Welfare State or more precisely, welfare is usually a measure taken on the macroeconomic level by the government of a country to promote the well being of its public. Welfare generally encompasses all the citizens of a state, and so is also called social welfare. A state is transformed into a welfare state when its governments and institutions join hand and devise policies for overall social welfare of its citizens such as through pension plans, unemployment insurance, social security plans or measures to improve health, education, housing and social protection. Throughout history, economists are especially interested in evaluating government's expenditures on its social welfare system and based on that, the current as well as future well being and health of the public can be observed. Obtaining welfare or social benefits is considered a “right” of every citizen living in a welfare state. The government takes measures of not only implementing such programs but also makes these benefits accessible to the common man. In a welfare state, a direct transfer of funds take place from the government (public sector) to the receivers of welfare, and often include contributions from the private sector as well in the form of redistribution taxation. Such a system of distributing welfare occurs in a mixed economy (Ozawa, 2005).
Early Origins
The historical background of the modern welfare state is constituted by the various “poor relief” measures introduced in European states since the 17th century and codified in some of them (e.g., England) in organic sets of provisions (the Poor Laws). The institutional watershed was, however, the establishment of compulsory insurance, resting on the new principle of a rights-based protection backed by state authority. The pioneer country was Wilhelmina Germany (1890-1914), which introduced sickness insurance in 1883, work accident insurance in 1884, and pension insurance in 1889. By the end of the Great War, virtually all West European countries had legislated at least one compulsory insurance scheme. The United States and Canada followed suit with federal insurance schemes between the 1920s and 1930s.

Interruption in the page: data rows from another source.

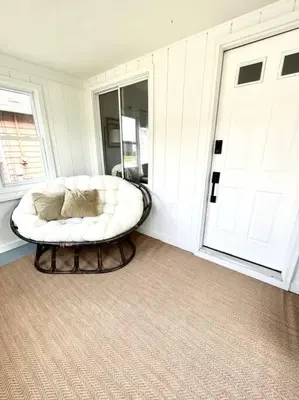 a room with a white couch in front of a door at Cozy home in Akron in Akron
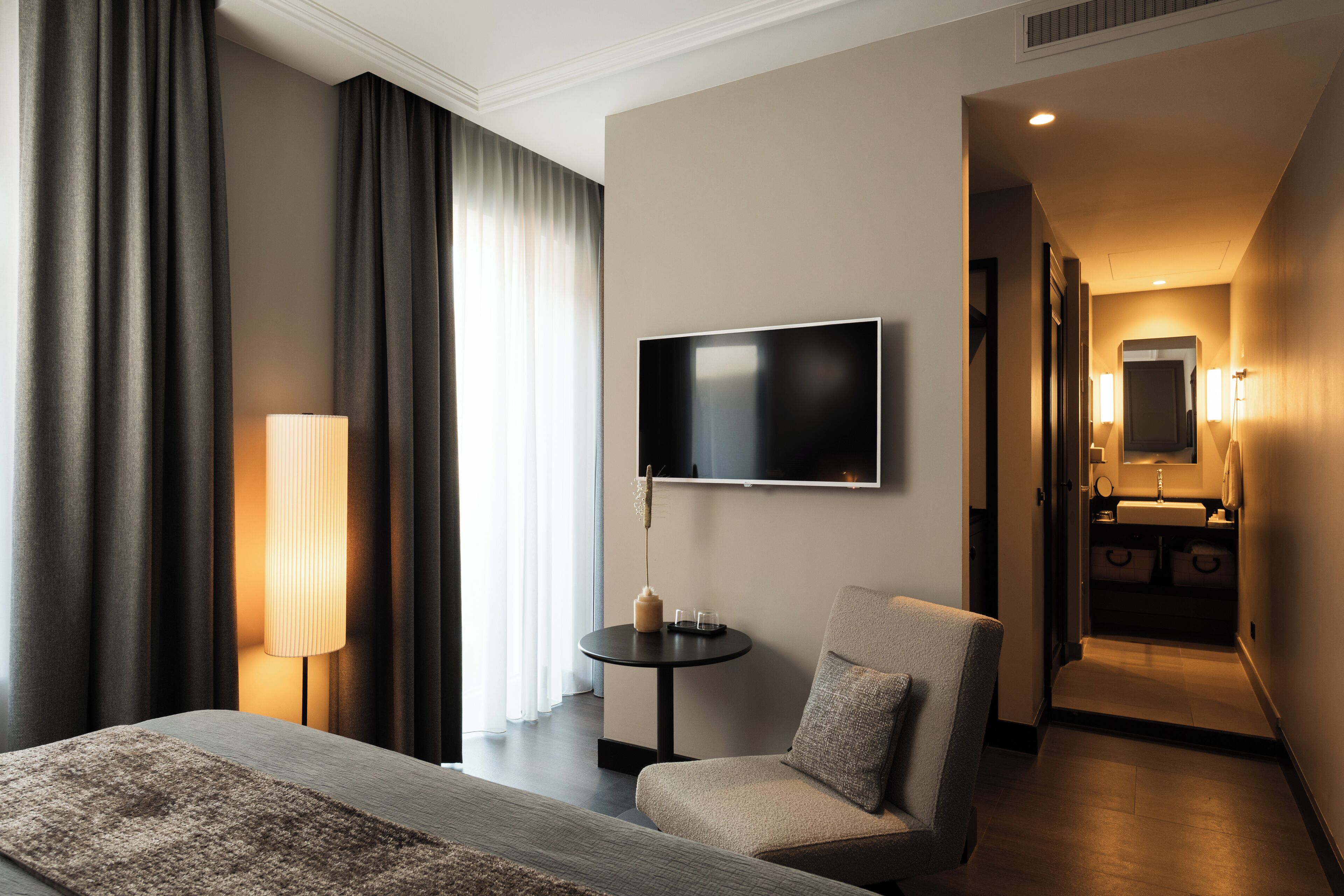 A hotel room with a bed, a chair, a TV mounted on the wall, a lamp, and a view of the hallway.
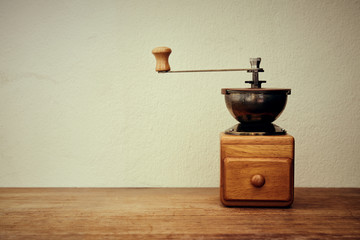 Old coffee grinder, manual hand mill on the table. vintage style. - Powered by Adobe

The relatively close temporal proximity of the introduction of compulsory social insurance reflects the similar problematic pressure that all countries were suffering in the wake of capitalist industrialization and, more generally, modernization. The specific timing reflects, in contrast, specific national political constellations. Authoritarian regimes (e.g., Germany and Austria) moved as front-runners, in the hope of taming an increasingly active workers' movement that threatened to jeopardize conservative hegemony. Despite their more advanced level of socioeconomic development, the early democratizes, such as Britain, lagged somewhat behind: In these countries, political elites were less worried about legitimating and consensus and the introduction of social insurance had to wait for the strengthening of socialist representation within national parliaments (Chappell, 2011).
The early phase of “instauration” witnessed the emergence of two distinct basic approaches to social insurance. The occupational approach (prevailing in continental Europe) was based on labor market status and proceeded through the establishment of several occupational schemes (the first typically covering blue-collar industrial workers), often ...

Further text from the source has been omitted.